» **THE TASK**
After finding the line containing "Diverse Group Engaging" below, please output that line and each following one through the line containing "a close up of", exactly as written.

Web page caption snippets
------------------------

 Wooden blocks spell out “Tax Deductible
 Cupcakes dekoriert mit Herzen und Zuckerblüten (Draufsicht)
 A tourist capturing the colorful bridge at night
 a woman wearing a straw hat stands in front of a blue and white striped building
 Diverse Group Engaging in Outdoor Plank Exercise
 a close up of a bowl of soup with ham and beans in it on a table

------------------------

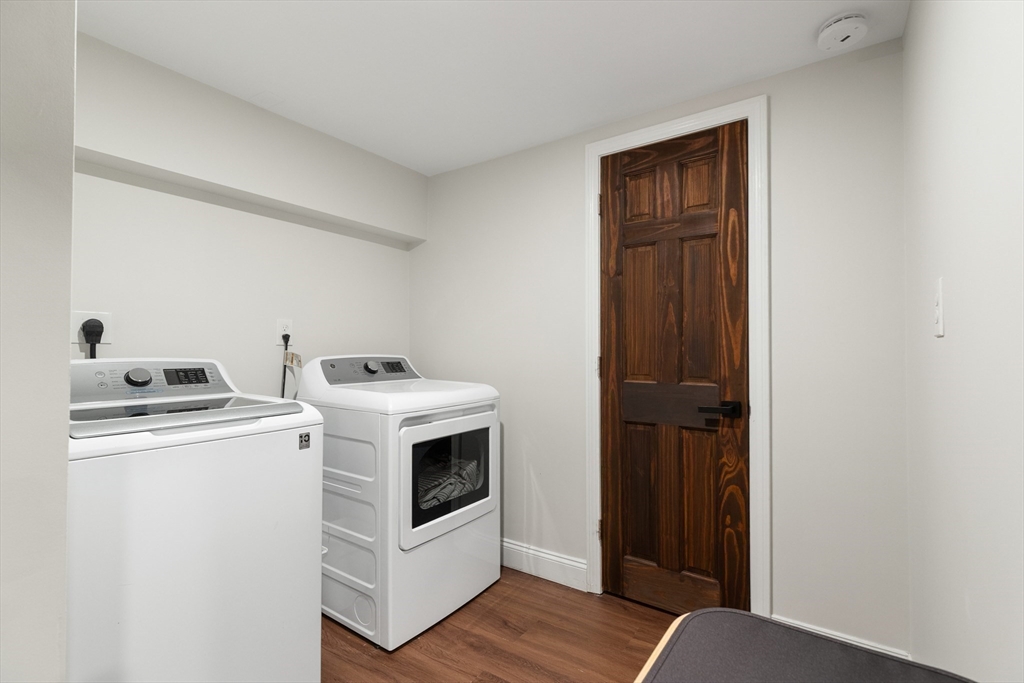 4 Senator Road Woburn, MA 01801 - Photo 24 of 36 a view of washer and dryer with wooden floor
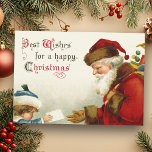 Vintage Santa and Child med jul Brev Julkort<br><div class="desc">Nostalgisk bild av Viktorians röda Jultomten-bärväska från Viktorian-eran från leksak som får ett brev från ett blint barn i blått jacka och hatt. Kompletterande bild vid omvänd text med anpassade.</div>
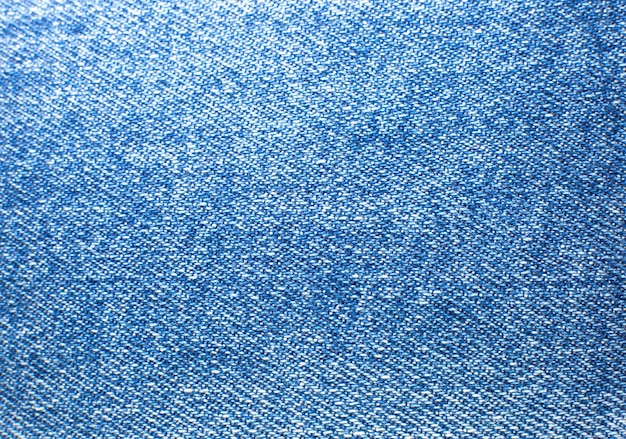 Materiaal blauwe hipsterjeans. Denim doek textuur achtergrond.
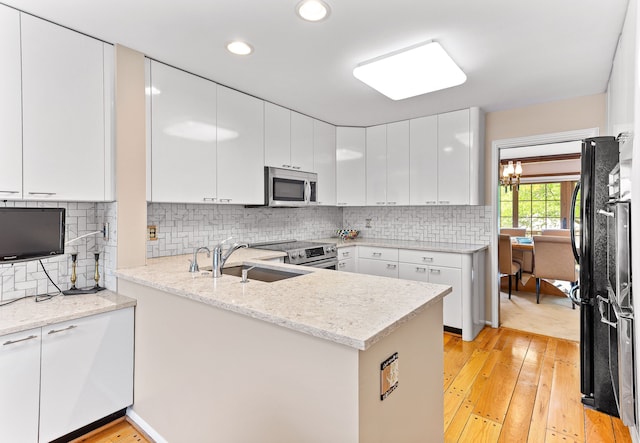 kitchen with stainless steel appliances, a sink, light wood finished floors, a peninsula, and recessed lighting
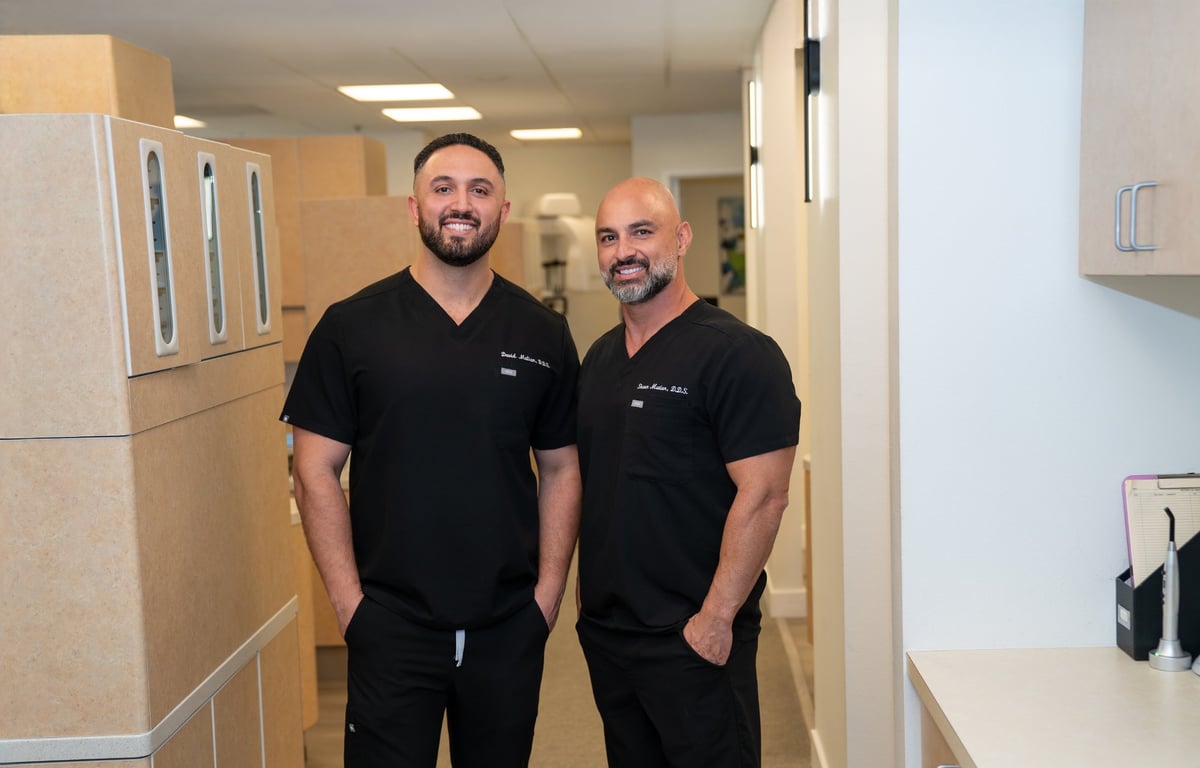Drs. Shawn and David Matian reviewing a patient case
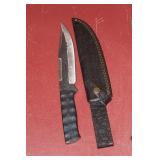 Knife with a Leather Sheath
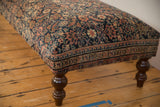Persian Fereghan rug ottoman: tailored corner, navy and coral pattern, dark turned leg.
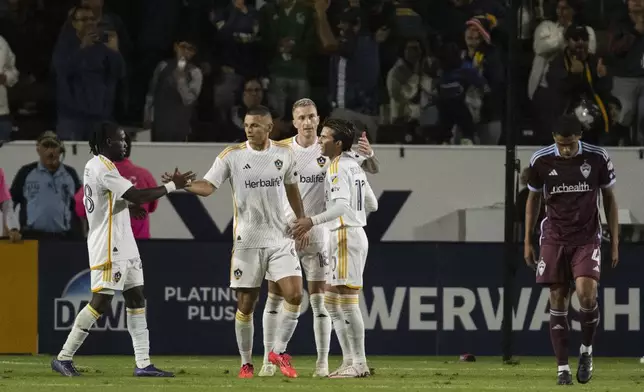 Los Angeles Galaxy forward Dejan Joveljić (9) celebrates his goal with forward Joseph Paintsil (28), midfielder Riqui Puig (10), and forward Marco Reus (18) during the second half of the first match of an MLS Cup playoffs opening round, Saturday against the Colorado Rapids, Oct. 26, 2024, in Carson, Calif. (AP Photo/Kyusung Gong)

------------------------

» **FINAL ANSWER**
 Diverse Group Engaging in Outdoor Plank Exercise
 a close up of a bowl of soup with ham and beans in it on a table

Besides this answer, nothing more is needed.